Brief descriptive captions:
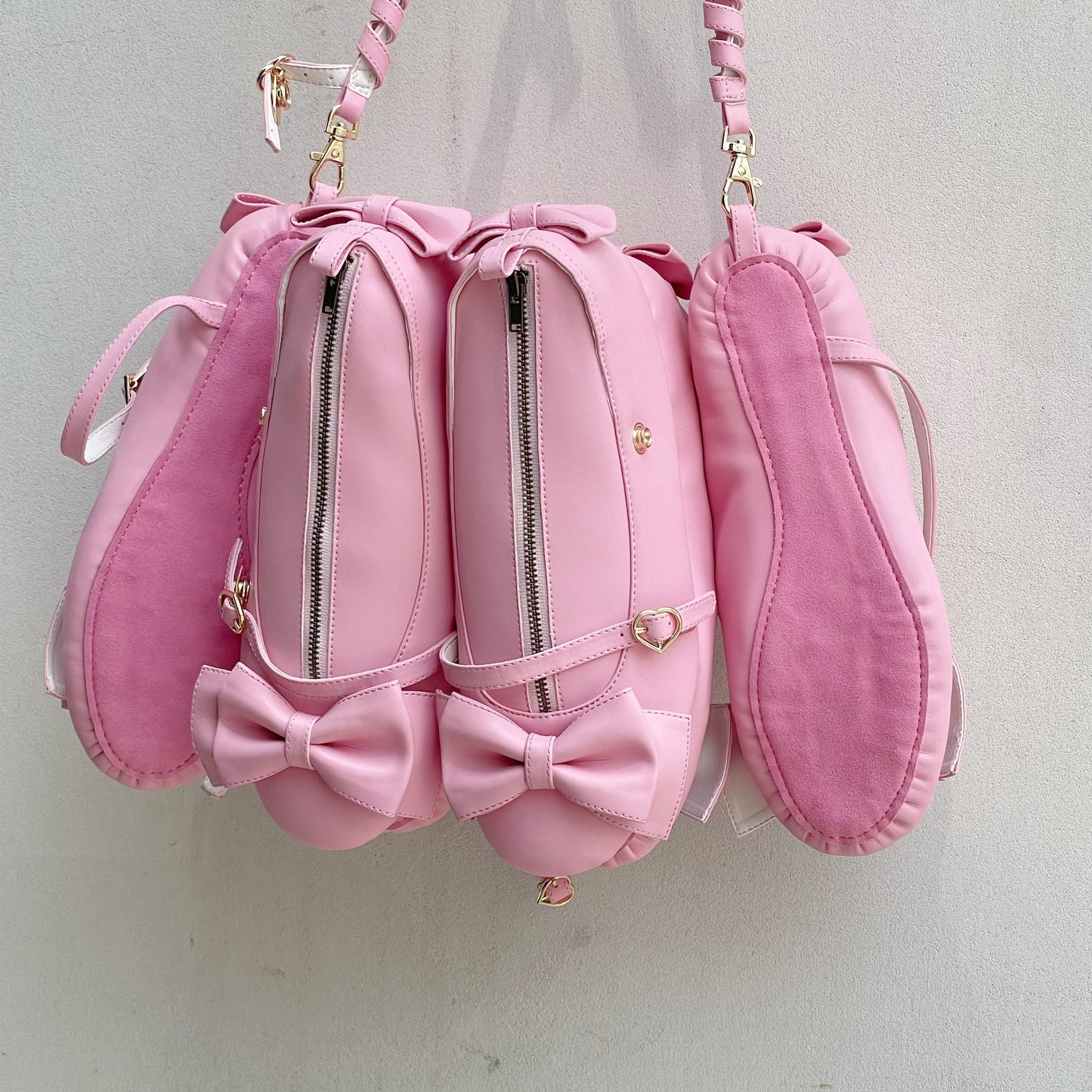 TEA PARTY BAG / PINK / ティーパーティーバッグ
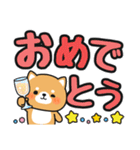 毎日使える♪ずっと定番 #柴犬クッキー6（個別スタンプ：31）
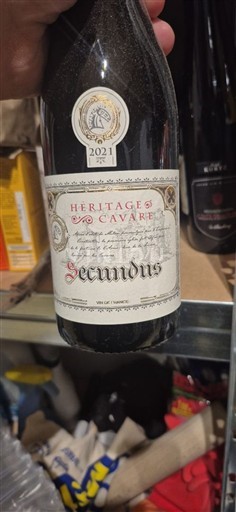 Valle del Rodano Côtes-du-Rhône Héritage Cavare Secundus 2021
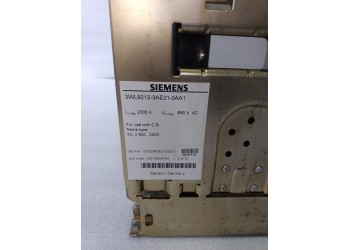 SIEMENS 3WL9212-3AE21-0AA1 AIR CIRCUIT BREAKER SIEMENS 3WL 1000AMP AIR CIRCUIT BREAKER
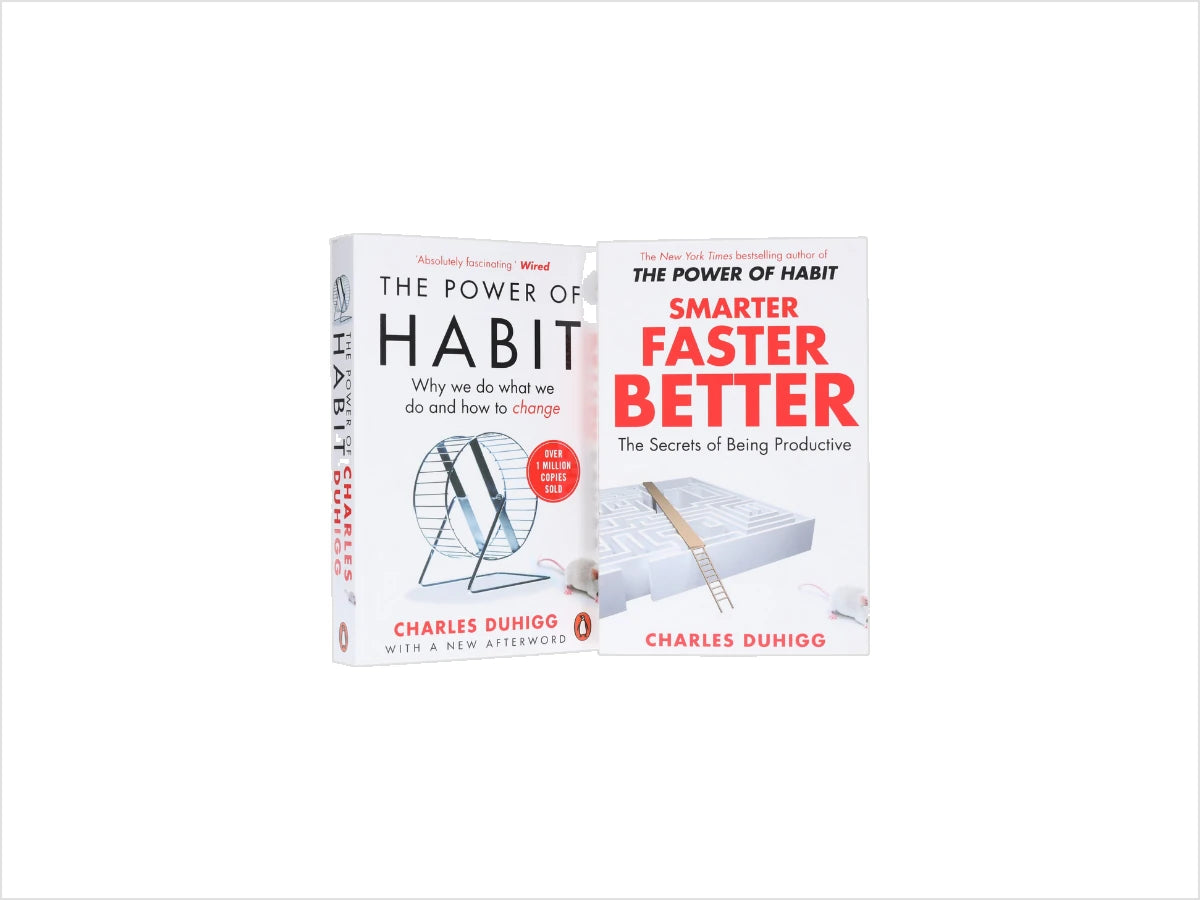 Smarter Faster Better & The Power of Habit Collection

*To do:* Any picture found in the data is to be skipped while the rest is copied exactly.

*Task result:*
 TEA PARTY BAG / PINK / ティーパーティーバッグ
 毎日使える♪ずっと定番 #柴犬クッキー6（個別スタンプ：31）
 Valle del Rodano Côtes-du-Rhône Héritage Cavare Secundus 2021
 SIEMENS 3WL9212-3AE21-0AA1 AIR CIRCUIT BREAKER SIEMENS 3WL 1000AMP AIR CIRCUIT BREAKER
 Smarter Faster Better & The Power of Habit Collection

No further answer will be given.